You have not come to something that can be touched, a blazing fire, and darkness, and gloom, and a tempest, and the sound of a trumpet, and a voice whose words made the hearers beg that not another word be spoken to them. (For they could not endure the order that was given, “If even an animal touches the mountain, it shall be stoned to death.” Indeed, so terrifying was the sight that Moses said, “I tremble with fear.”) – Hebrews 12:18-21 (NRSV)
Friends, I have a confession to make. I am terrible at Ancient Greek. Like, really quite bad. I took two years of Greek in college, plus a semester of private tutoring in Greek before seminary. And there were classmates of mine who came to seminary never having heard of the verb LUW who surpassed me in the first semester.
Why do I mention this? Because the book of Hebrews is beyond my ability to translate. It is hard. Like, hard hard. When looking for the main verb of a sentence, it might be clear in another county from the subject. The subordinate clauses have subordinate clauses.
This isn’t an accident. Hebrews is written in a highfalutin’ style that resembles Greek philosophy of the day. The intelligentsia of the first century CE felt that Christianity was too basic. So the author of Hebrews took the faith and translated it into a philosophical treatise with sentence structures like a bowl of overturned spaghetti. As odd as it sounds, Hebrews is super hard because it was trying to make the faith appealing to more people.

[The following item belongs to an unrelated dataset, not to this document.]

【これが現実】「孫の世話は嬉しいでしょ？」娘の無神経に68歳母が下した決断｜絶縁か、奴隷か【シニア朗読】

Not every part of the Bible is intended for every audience, and that’s okay. It’s okay that some things drive me up a wall. Because some blessed individuals out there are excited to parse the nuances of a third declension noun.
Not every part of the Bible needs to appeal to you, that’s not what it’s for.
Prayer
O Holy Spirit, as odd as it to say (and forgive my aside, you know I’m prone to them): thank you for our mixed up, complicated, wonderful scriptures.